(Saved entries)
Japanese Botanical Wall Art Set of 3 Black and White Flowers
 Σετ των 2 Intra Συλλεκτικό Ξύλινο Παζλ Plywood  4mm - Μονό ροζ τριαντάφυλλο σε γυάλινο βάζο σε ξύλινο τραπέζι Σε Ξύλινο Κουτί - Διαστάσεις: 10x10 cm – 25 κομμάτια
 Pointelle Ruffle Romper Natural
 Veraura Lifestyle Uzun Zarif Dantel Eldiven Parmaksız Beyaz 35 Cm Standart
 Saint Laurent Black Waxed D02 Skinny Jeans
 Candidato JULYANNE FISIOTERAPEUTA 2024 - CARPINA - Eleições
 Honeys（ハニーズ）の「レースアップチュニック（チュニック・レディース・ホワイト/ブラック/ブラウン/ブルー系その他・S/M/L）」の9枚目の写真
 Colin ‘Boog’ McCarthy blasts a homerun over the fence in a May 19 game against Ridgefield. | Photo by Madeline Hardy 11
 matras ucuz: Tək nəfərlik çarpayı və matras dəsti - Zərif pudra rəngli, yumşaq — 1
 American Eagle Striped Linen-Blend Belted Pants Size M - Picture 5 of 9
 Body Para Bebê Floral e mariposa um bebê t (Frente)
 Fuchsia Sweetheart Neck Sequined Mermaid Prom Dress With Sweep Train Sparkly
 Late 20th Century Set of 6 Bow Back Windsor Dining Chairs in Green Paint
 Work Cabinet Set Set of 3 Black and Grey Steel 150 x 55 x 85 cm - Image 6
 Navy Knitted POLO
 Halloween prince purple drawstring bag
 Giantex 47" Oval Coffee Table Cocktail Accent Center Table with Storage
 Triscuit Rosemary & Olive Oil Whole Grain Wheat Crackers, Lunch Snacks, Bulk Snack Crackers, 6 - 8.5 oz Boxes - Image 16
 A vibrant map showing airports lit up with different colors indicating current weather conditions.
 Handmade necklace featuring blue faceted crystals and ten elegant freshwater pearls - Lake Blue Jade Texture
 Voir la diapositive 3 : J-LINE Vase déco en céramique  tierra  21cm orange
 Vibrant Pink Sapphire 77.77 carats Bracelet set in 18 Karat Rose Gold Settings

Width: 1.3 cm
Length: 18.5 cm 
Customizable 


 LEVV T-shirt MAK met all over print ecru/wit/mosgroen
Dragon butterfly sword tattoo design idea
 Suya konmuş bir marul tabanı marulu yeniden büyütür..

**Task objective:** If a line above includes the string "Black", pick it out.

**Expected output:**
Japanese Botanical Wall Art Set of 3 Black and White Flowers
 Saint Laurent Black Waxed D02 Skinny Jeans
 Work Cabinet Set Set of 3 Black and Grey Steel 150 x 55 x 85 cm - Image 6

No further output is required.